**Work instructions:**
The answer should hold only the lines from the one containing "Oh, that's pretty" through the one containing "Let me show" in the entries below, copied exactly, without pictures.

**Dataset entries:**
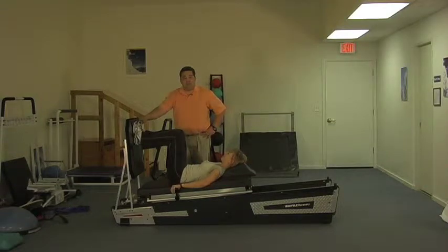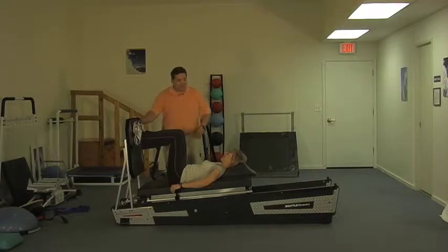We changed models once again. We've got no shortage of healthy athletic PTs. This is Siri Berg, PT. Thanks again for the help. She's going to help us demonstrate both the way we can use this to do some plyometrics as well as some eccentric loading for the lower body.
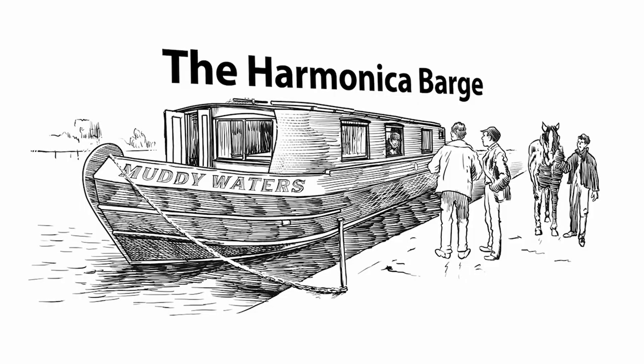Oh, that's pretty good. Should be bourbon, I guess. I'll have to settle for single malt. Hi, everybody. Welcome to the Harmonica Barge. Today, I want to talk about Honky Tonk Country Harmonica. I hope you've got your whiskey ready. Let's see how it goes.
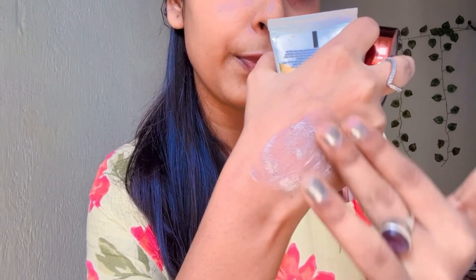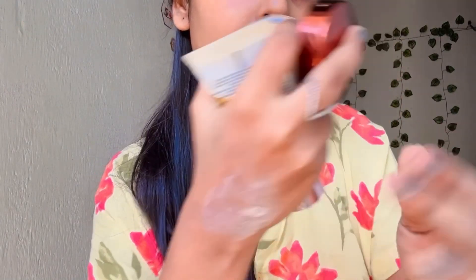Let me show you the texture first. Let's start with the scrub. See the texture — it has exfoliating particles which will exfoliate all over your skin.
==
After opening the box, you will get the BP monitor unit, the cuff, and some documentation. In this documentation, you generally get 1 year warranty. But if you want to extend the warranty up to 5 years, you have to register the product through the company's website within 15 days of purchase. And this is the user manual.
---
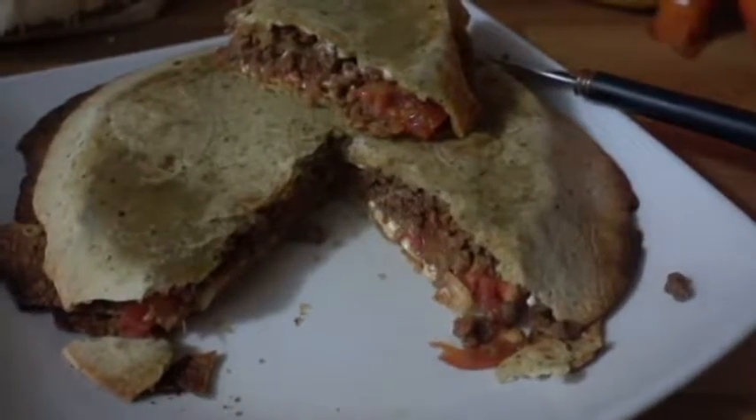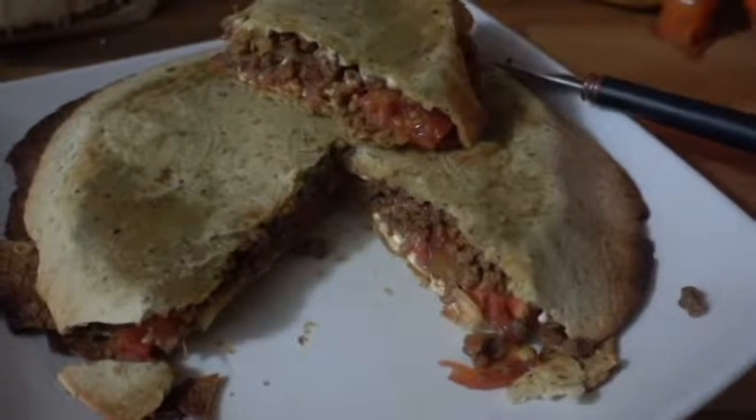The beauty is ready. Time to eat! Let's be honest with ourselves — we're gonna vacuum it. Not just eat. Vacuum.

**Written solution:**
Oh, that's pretty good. Should be bourbon, I guess. I'll have to settle for single malt. Hi, everybody. Welcome to the Harmonica Barge. Today, I want to talk about Honky Tonk Country Harmonica. I hope you've got your whiskey ready. Let's see how it goes.
Let me show you the texture first. Let's start with the scrub. See the texture — it has exfoliating particles which will exfoliate all over your skin.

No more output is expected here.